Exercise brief:
Throughout the listing that follows, find each line with the word "Street" and copy it.

Records for this exercise:
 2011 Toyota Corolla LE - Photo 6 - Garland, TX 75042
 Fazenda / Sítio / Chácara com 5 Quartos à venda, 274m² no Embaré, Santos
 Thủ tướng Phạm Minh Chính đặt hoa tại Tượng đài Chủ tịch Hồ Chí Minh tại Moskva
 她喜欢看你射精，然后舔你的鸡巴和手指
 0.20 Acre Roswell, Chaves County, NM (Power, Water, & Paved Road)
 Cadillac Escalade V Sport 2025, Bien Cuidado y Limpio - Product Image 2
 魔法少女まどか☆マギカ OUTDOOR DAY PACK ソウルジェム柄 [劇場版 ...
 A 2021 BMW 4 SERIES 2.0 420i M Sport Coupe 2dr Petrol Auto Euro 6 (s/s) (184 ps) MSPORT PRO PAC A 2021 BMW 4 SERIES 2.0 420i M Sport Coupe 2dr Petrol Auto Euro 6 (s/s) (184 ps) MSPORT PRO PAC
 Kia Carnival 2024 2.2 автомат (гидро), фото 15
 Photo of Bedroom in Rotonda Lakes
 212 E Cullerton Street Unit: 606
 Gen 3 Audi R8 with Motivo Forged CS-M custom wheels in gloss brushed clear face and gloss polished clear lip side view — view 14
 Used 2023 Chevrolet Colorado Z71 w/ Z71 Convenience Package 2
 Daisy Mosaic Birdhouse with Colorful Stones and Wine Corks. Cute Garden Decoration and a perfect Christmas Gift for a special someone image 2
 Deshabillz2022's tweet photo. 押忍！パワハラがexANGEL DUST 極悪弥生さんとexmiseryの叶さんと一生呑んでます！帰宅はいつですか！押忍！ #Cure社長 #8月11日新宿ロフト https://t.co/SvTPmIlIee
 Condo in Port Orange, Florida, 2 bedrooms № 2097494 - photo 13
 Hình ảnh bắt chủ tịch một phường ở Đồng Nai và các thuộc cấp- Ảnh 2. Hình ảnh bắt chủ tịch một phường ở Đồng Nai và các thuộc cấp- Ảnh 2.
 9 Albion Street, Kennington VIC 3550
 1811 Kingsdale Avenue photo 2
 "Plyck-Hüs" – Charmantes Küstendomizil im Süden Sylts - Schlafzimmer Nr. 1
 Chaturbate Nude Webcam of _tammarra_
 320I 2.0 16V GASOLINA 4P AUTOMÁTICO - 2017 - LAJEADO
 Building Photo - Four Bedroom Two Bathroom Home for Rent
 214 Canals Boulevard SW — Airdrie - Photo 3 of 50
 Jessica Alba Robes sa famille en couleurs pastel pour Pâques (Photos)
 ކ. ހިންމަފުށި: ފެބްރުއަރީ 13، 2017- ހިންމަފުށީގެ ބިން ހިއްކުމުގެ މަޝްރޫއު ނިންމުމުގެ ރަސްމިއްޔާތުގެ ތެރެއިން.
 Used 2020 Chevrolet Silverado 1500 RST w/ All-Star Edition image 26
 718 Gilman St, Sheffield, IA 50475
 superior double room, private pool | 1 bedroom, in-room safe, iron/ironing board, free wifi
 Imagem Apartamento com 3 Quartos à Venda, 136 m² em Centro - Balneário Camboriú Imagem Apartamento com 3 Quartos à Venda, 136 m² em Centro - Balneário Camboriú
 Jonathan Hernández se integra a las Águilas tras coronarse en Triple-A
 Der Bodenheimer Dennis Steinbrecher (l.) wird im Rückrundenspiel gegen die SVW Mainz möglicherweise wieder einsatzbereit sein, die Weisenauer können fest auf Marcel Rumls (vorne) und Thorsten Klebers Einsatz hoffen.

Solution to this problem:
 212 E Cullerton Street Unit: 606
 9 Albion Street, Kennington VIC 3550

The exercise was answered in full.